Python & Automation Personal Project

Automated Sales Performance
Tracker
(AI Generated Sample Project)

A personal project built to practise end-to-end pipeline development. Python pulls and cleans synthetic sales data, loads it to a PostgreSQL database on Neon Cloud via a scheduled GitHub Actions workflow, and a Power BI report sits on top for slice-and-dice analysis.

Python PostgreSQL Power BI Pandas GitHub Actions Neon Cloud DAX SQL
Type Personal Project
Timeline 3 weeks · 2024
Goal Pipeline Practice
Status Complete

Background

Most of the pipeline work I do professionally runs inside client environments — which means I can't always tinker with the architecture, swap out components, or break things deliberately to see what happens. I wanted a project I owned end-to-end, where every decision was mine, and where the failure mode was just a broken personal project rather than a production incident.

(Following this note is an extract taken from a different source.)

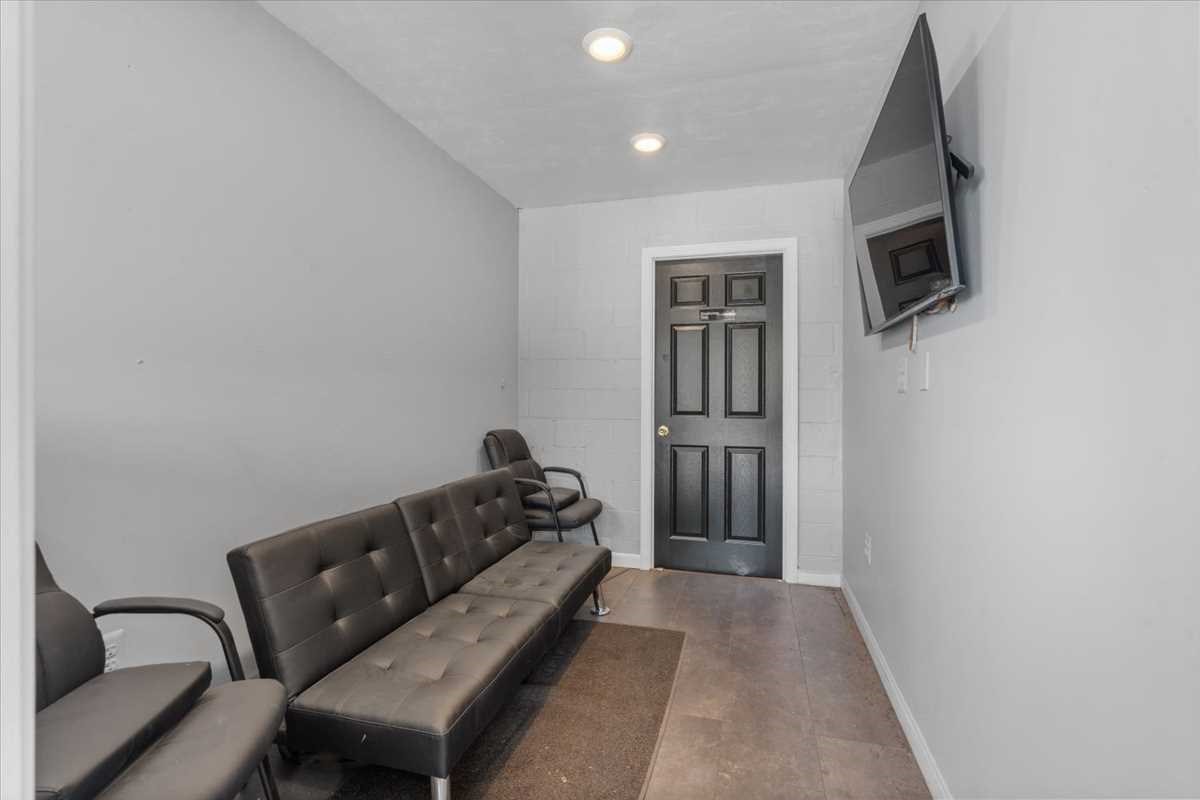 28 Canal Street, Millbury, MA 01527 - Image 11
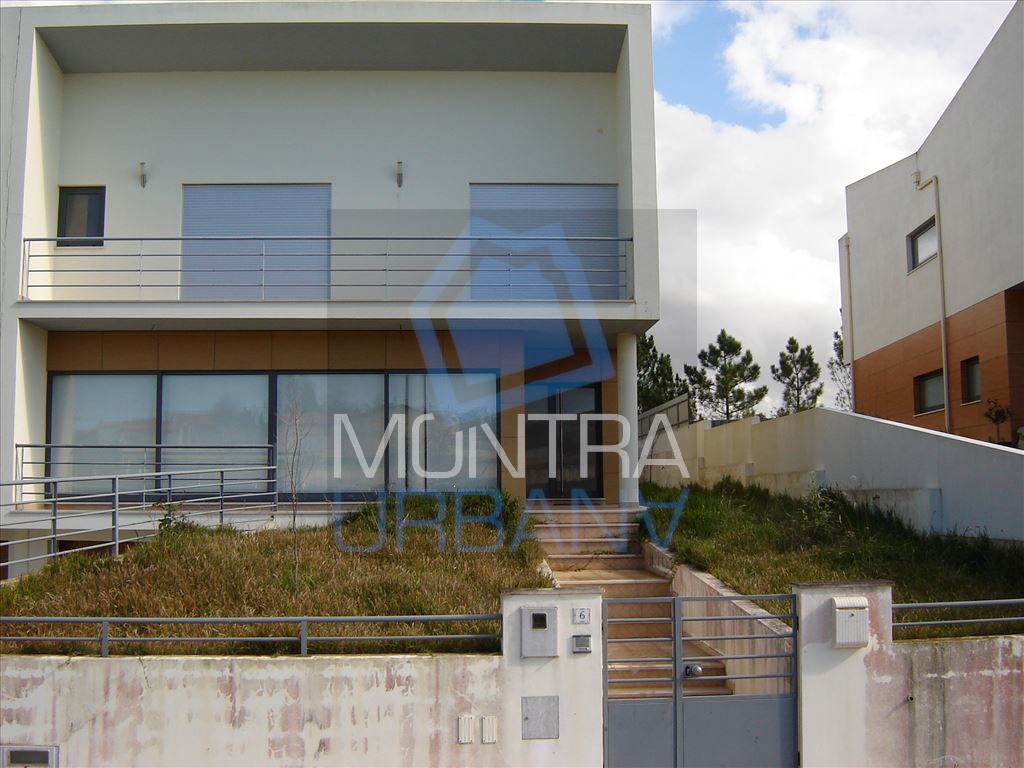 Moradia T 4+1 Geminada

Sales data is a useful domain for this kind of practice. The shape of the problem is familiar — transactions, products, regions, time — but it has enough complexity to make the pipeline interesting. Aggregations behave differently depending on how the data is modelled, and there are natural opportunities to practice both ETL logic and reporting design in the same project.

🎯

Goal: Build a fully automated, end-to-end pipeline from raw data to live Power BI report — using only tools already in my professional stack, with no manual steps after initial setup.

The Data

Rather than scraping real data or relying on a static CSV, I generated a synthetic sales dataset using Python's faker library combined with some hand-crafted logic to make the data behave realistically. The dataset covers twelve months of fictional transactions for a mid-sized retail business with four product categories and three sales regions.

Synthetic data design

The key design decision was making the data tell a story. Purely random data produces flat, uninteresting reports. Instead, I seeded realistic patterns into the generation logic: seasonal peaks in Q4, a struggling product category in the second half of the year, and a consistently outperforming region. This gave the eventual Power BI report something to actually surface.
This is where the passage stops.